Conclusion: While the responses to questions in groups 1 and 2 were satisfactory in terms of accuracy and comprehensiveness, the responses to complex case questions in group 3 were not sufficient. ChatGPT-4 appears to be a useful resource for patient education, but response mechanisms for complex clinical scenarios need to be improved. Furthermore, the potential for generating false or fabricated data should be considered; therefore, physicians should evaluate and verify responses. Key Points • ChatGPT-4 demonstrated high accuracy and comprehensiveness in addressing the information needs of patients and physicians regarding axial spondyloarthritis (AS), with satisfactory responses particularly for frequently asked questions and questions derived from ASAS/EULAR recommendations. • The quality of responses significantly decreased in the group of' case questions' involving more complex scenarios, indicating that the AI may be inadequate in clinical decision-making processes. • ChatGPT-4 can facilitate access to health information for patients, potentially reducing unnecessary clinic visits and serving as a primary source of information for those with limited access to healthcare professionals, thereby enhancing the overall effectiveness of patient care. • While ChatGPT-4 shows promise as a valuable tool for patient education, there is a clear need for the development of its response mechanisms, particularly for complex clinical scenarios.

查看原文本刊更多论文

通过ChatGPT-4评估人工ıntelligence在强直性脊柱炎中的应用：患者和医生的观点。

前言：本研究旨在从患者和医生的角度评估基于人工智能的ChatGPT-4系统提供的强直性脊柱炎（AS）信息的准确性和全面性。方法：在本横断面研究中，对ChatGPT-4提出75个问题。这些是谷歌Trends上关于AS的最常见问题（第一组），以及来自ASAS/EULAR建议的问题（第二组和第三组）。第二组为开放式问题，第三组为个案问题。两位风湿病专家对回答的准确性和全面性进行了评分。6分李克特量表用于评估准确性，3分量表用于完整性。结果：本研究分析的准确性和完整性评分，1组为5.32±1.4和2.76±0.5,2组为5.36±1.1和2.72±0.45,3组为4.24±1.96和2.36±0.63。两组的准确性和完整性评分差异有统计学意义（p = 0.044和p = 0.019）。科恩的kappa系数显示出良好的一致性，精度为0.88，完整性为0.90。结论：第1组和第2组对问题的回答在准确性和全面性方面令人满意，而第3组对复杂病例问题的回答不够充分。ChatGPT-4似乎是患者教育的有用资源，但复杂临床情况的反应机制需要改进。此外，应考虑产生虚假或伪造数据的可能性；因此，医生应该评估和验证反应。•ChatGPT-4在解决患者和医生关于轴性脊柱炎（AS）的信息需求方面表现出高度的准确性和全全性，特别是对于常见问题和来自ASAS/EULAR建议的问题，得到了令人满意的回答。•在涉及更复杂场景的“病例问题”组中，回答的质量显著下降，表明人工智能在临床决策过程中可能不足。•ChatGPT-4可以促进患者获取健康信息，可能减少不必要的诊所访问，并为那些无法获得医疗保健专业人员服务的人提供主要信息来源，从而提高患者护理的总体有效性。
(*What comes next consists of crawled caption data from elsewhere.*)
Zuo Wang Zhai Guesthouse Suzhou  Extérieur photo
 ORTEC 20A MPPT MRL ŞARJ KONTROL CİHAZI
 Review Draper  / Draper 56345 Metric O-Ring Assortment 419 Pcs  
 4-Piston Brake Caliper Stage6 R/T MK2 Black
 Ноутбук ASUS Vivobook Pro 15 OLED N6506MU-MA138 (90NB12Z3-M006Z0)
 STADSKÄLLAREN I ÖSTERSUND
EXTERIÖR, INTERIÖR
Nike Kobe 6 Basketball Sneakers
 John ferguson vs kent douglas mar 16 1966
•虽然ChatGPT-4有望成为一种有价值的患者教育工具，但显然需要开发其反应机制，特别是对于复杂的临床场景。

本文章由计算机程序翻译，如有差异，请以英文原文为准。

求助全文

约1分钟内获得全文求助全文

来源期刊

Clinical Rheumatology 医学-风湿病学

CiteScore

6.90

自引率

2.90%

发文量

441

审稿时长

3 months

期刊介绍： Clinical Rheumatology is an international English-language journal devoted to publishing original clinical investigation and research in the general field of rheumatology with accent on clinical aspects at postgraduate level. The journal succeeds Acta Rheumatologica Belgica, originally founded in 1945 as the official journal of the Belgian Rheumatology Society. Clinical Rheumatology aims to cover all modern trends in clinical and experimental research as well as the management and evaluation of diagnostic and treatment procedures connected with the inflammatory, immunologic, metabolic, genetic and degenerative soft and hard connective tissue diseases.